— ASSIGNMENT —
Set out exactly every line of the entries below, starting at the line that holds "[BST Tết 2026]" and stopping after the line that holds "Hugo Boss 100".

— EXTRACTED INFORMATION —
*** Block opens ***

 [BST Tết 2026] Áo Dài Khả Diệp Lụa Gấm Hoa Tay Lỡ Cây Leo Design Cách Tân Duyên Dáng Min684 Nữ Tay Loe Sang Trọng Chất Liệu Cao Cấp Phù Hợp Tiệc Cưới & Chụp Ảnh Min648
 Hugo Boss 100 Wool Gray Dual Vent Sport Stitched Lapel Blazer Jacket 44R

*** Block closes ***
*** Block opens ***

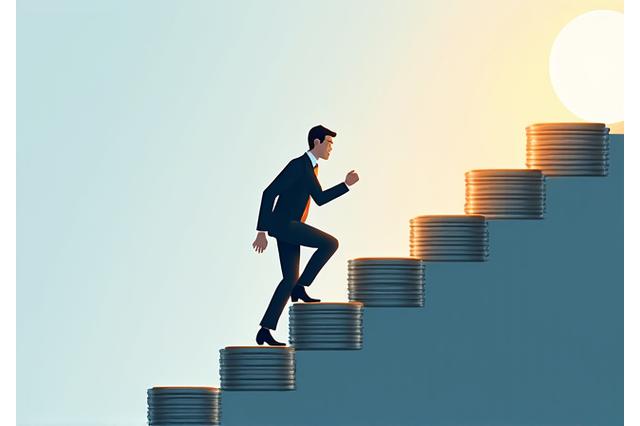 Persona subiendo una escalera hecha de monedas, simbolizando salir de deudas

*** Block closes ***

— COMPLETED EXERCISE —
 [BST Tết 2026] Áo Dài Khả Diệp Lụa Gấm Hoa Tay Lỡ Cây Leo Design Cách Tân Duyên Dáng Min684 Nữ Tay Loe Sang Trọng Chất Liệu Cao Cấp Phù Hợp Tiệc Cưới & Chụp Ảnh Min648
 Hugo Boss 100 Wool Gray Dual Vent Sport Stitched Lapel Blazer Jacket 44R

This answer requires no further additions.